> **PROBLEM**:
Return, exactly and with nothing added, the line with "Restaurant Placa del" together with all lines after it through the end of the data below. No pictures belong in the copy.

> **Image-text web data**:
++++++++++

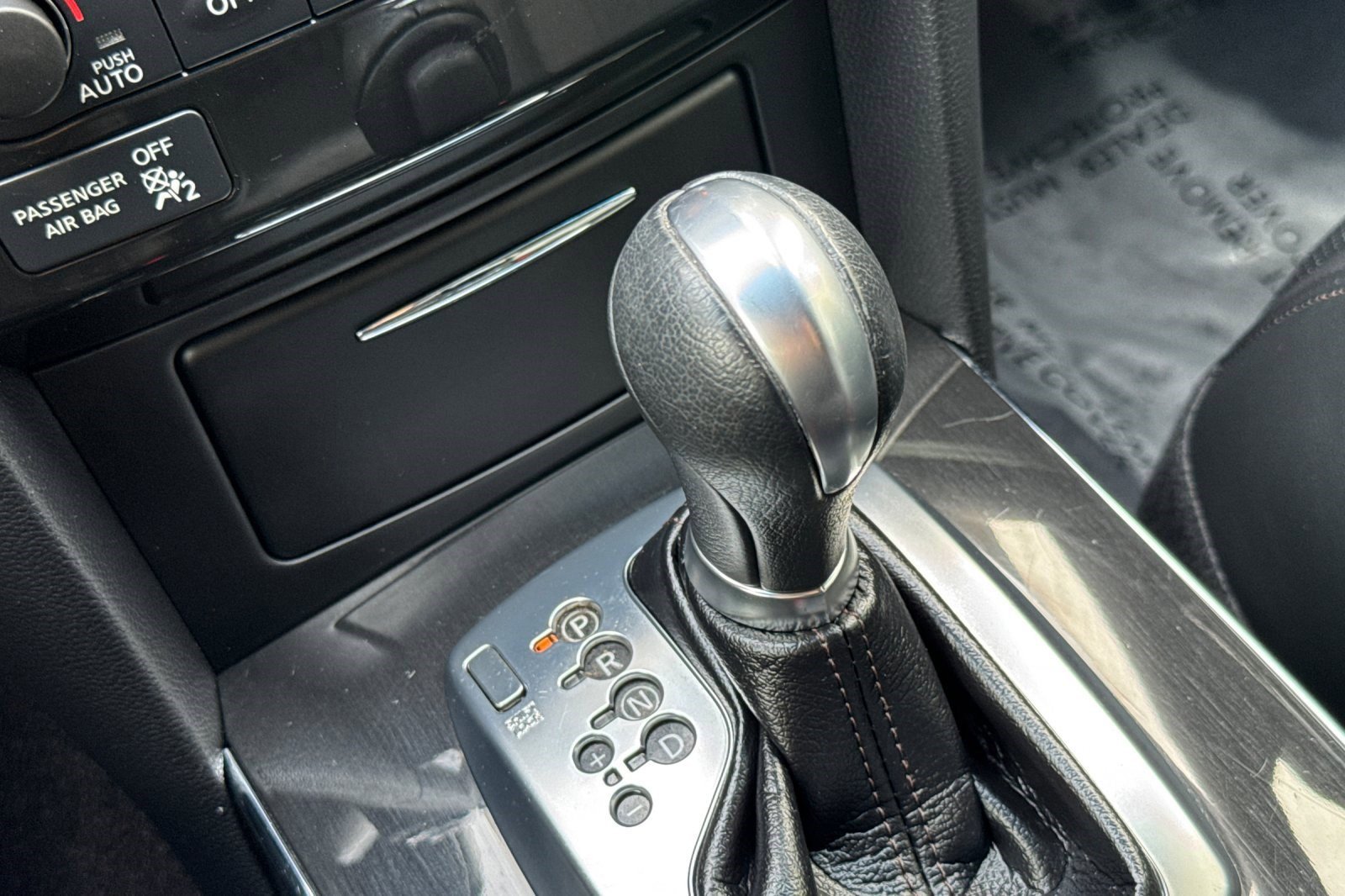 Used 2010 INFINITI FX35 AWD w/ Navigation Pkg image 16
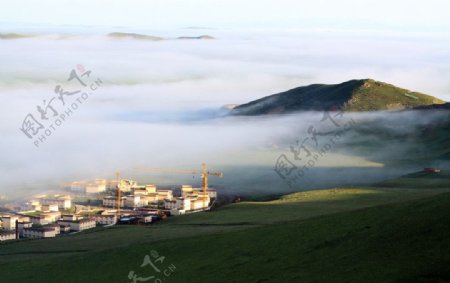 云雾群山房屋图片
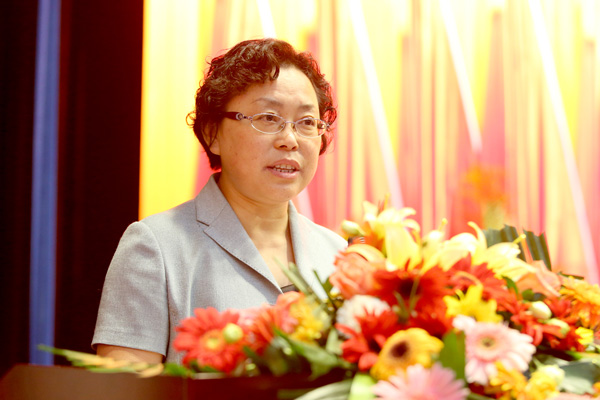 我院举行2012届毕业生毕业典礼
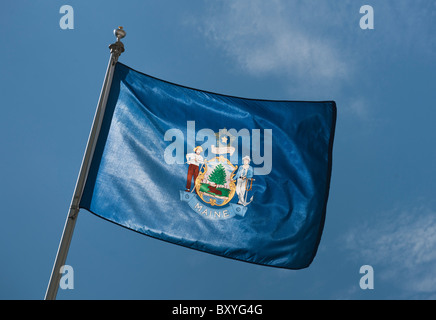 Maine State Flag gegen Himmel Stockfoto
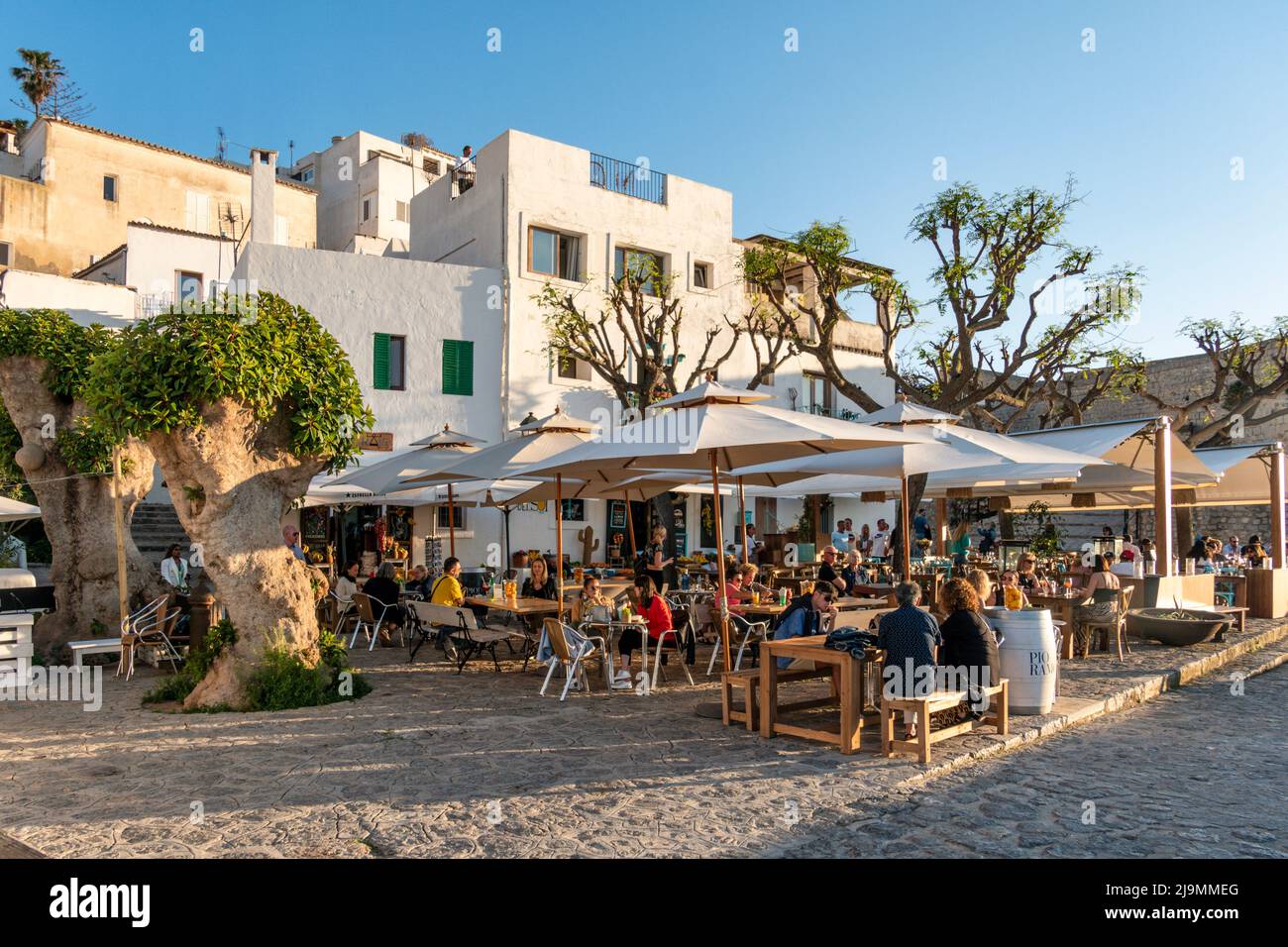 Restaurant Placa del Solza, Eivissa, Ibiza, Balearen, Spanien, Europa Stock Photo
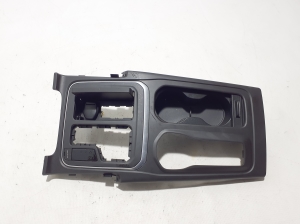 RENAULT Talisman II (2015–2026) Salongi konsooli muu osa 684308048R - 4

++++++++++

> **RESULT FOR THIS TASK**:
 Restaurant Placa del Solza, Eivissa, Ibiza, Balearen, Spanien, Europa Stock Photo
 RENAULT Talisman II (2015–2026) Salongi konsooli muu osa 684308048R - 4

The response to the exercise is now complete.